You’re going to need to think calmly under pressure.

And the next week, think again.

Dump non-essential and highest-risk activity

You’ve probably started this already, and it is going to continue for a season.  Parents and toddlers, concerts, older-folks groups.  They’re shutting down around the globe.

Let me give you the good news: it’s about to get easier. You only have to make those decisions once, until you decide to turn them on again.  You might already have discovered that this week feels different to last week.

You’ll need to innovate now.  Keeping in touch with the age group that isn’t online.  Keeping contact with the fringiest of the fringe.  

But, you have the space to do so.

Delegate authority

One reason I found the first half of last week so exhausting was the constant question, ‘What should I do about…?’ To which the honest – and right – answer is ‘I don’t know, what do you recommend?’

So I set an email round our team, suggesting that they stopped asking that question.
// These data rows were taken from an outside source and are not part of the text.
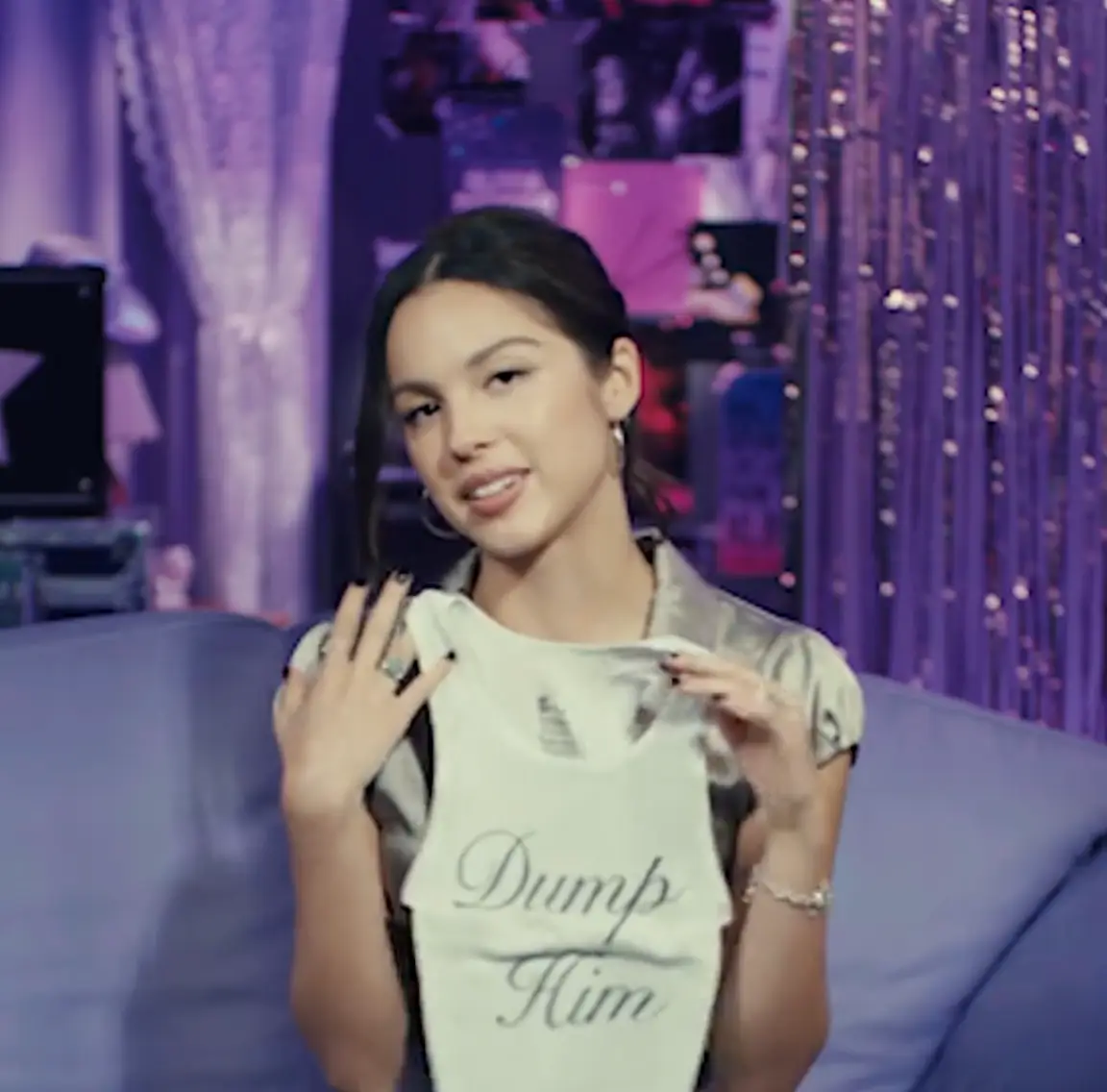 Olivia Rodrigo revealed what question she asks on first dates after talking about a tank top she wore on her GUTS World Tour which read 'Dump Him' (TikTok/Netflix)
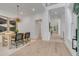 Bright, airy dining room featuring hardwood floors, modern light fixture, and an open layout at 7053 Schooner St, Daniel Island, SC 29492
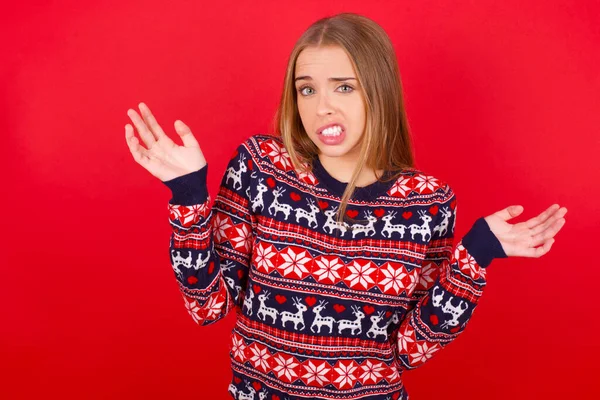 Nieświadoma Młoda Kaukaska Dziewczyna Nosząca Świąteczny Sweter Wzrusza Ramionami Wahaniem — Zdjęcie stockowe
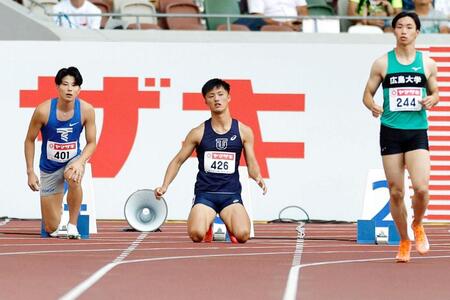 　男子１００メートル予選　不正スタートで失格となった柳田大輝（中央）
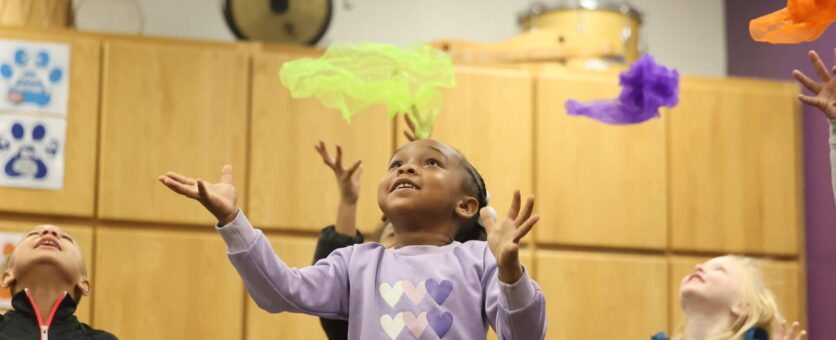 A class of elementary school students throw colorful scarves up in the air during music class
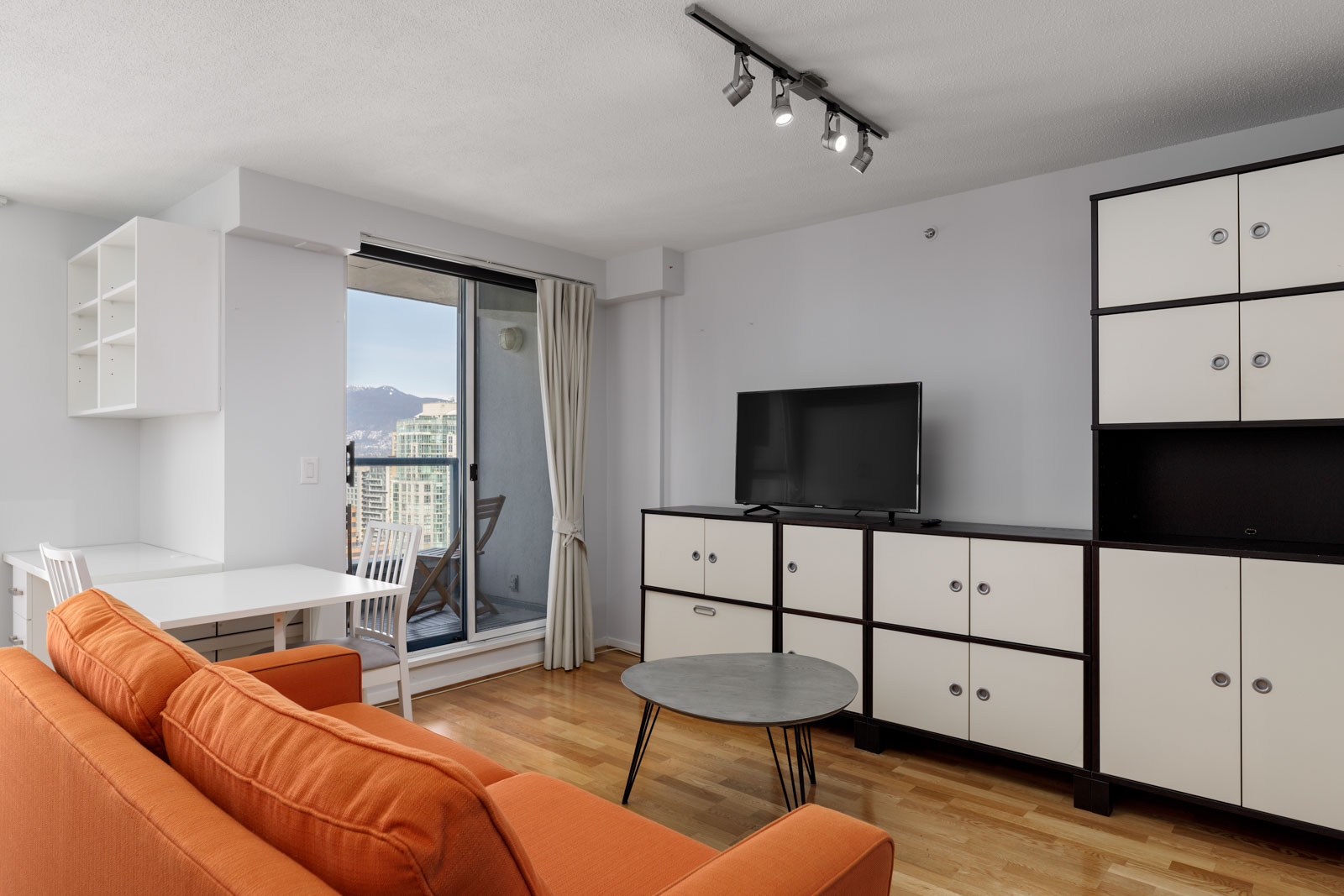 Modern living room with an orange sofa, white table with two chairs, TV on a black and white cabinet, and a sliding door to a balcony with city views.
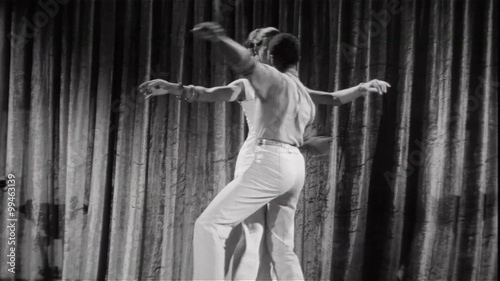 Young couple performing ritual dance, 1960s
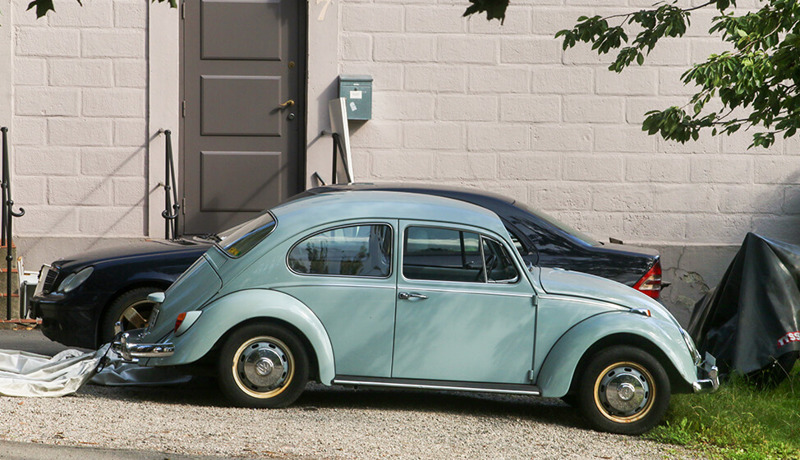 En eldre VW Golf står parkert foran en bygning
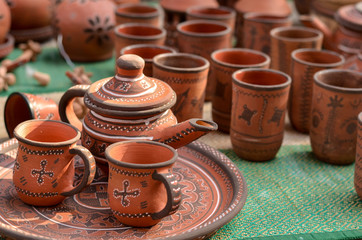Close up of beautiful Gujarati Khavda Pottery earthen decorated terracotta crockery tea cups, kettle and tray with glasses at a roadside market exhibition stall at Dilli Haat, New Delhi, India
Instead, go to their line manager saying, ‘Here’s the issue, and I propose to do X’ – assuming that the reply will be affirmative and supportive.

Talk to one another

We all need to tool up and innovate simultaneously, which is hard.  So keep your team talking to each other, even if they are working from home.  Get them looking at what other churches are doing, and share ideas.  Find the best websites on live-streaming, online giving or whatever and share it round.  Don’t assume you need to come up with everything.

And that constant talking is a sign of a healthy, interacting team, stepping up to a new level.

Ask the unaskable question

One element of leading through uncertainty is always to ask, ‘What does this make possible?’  If what can’t gather to pray, how shall we use some of those apps we’ve never really pushed on?  How can we improve our pastoral care?  Beefing up the website? 

Now the risk is that suggesting that makes you look like a foolish optimist, and as any fan of Jim Collins will tell you, one fatal mistake is to refuse to confront brutal reality. You must take this virus seriously, and you must act responsibly.

But we are facing weeks if not months of new reality, and we shall have many days where we have unexpected space to think, pray, read, re-imagine and discuss. Take it. Don’t waste it on ‘how we used to do it’, because that has gone, for a season at least.

Be unmissably clear 

From time to time you hear those military types giving a press conference or an interview, and you’ll have been struck by their clipped way of speaking.  In a very few words, they analyse the problem, outline the solution, and encourage their people to act.  Even when the issues are complex and the briefings long, the style is the same.

Short sentences, crips words, and great clarity.

Now the chances are you’re probably having a lot more meetings, where you’re asking each other things you’ve never had to consider before.  Where do we source the hand gel?  Are the bibles clean? Can we actually continue as a church here?

End each meeting with those two questions: ‘What’s the next action?’ And ‘Who else needs to know?’ No-one gets out of the room until you’re all agreed.

End each meeting with those two questions: ‘What’s the next action?’ And ‘Who else needs to know?’ No-one gets out of the room until you’re all agreed.

And then, as you talk to your church, be warm, be positive, and be clear. Remember, we speak in the name of a living God, before whom nothing is Volatile, Uncertain, Complex or Ambiguous. Speak in his name to his people.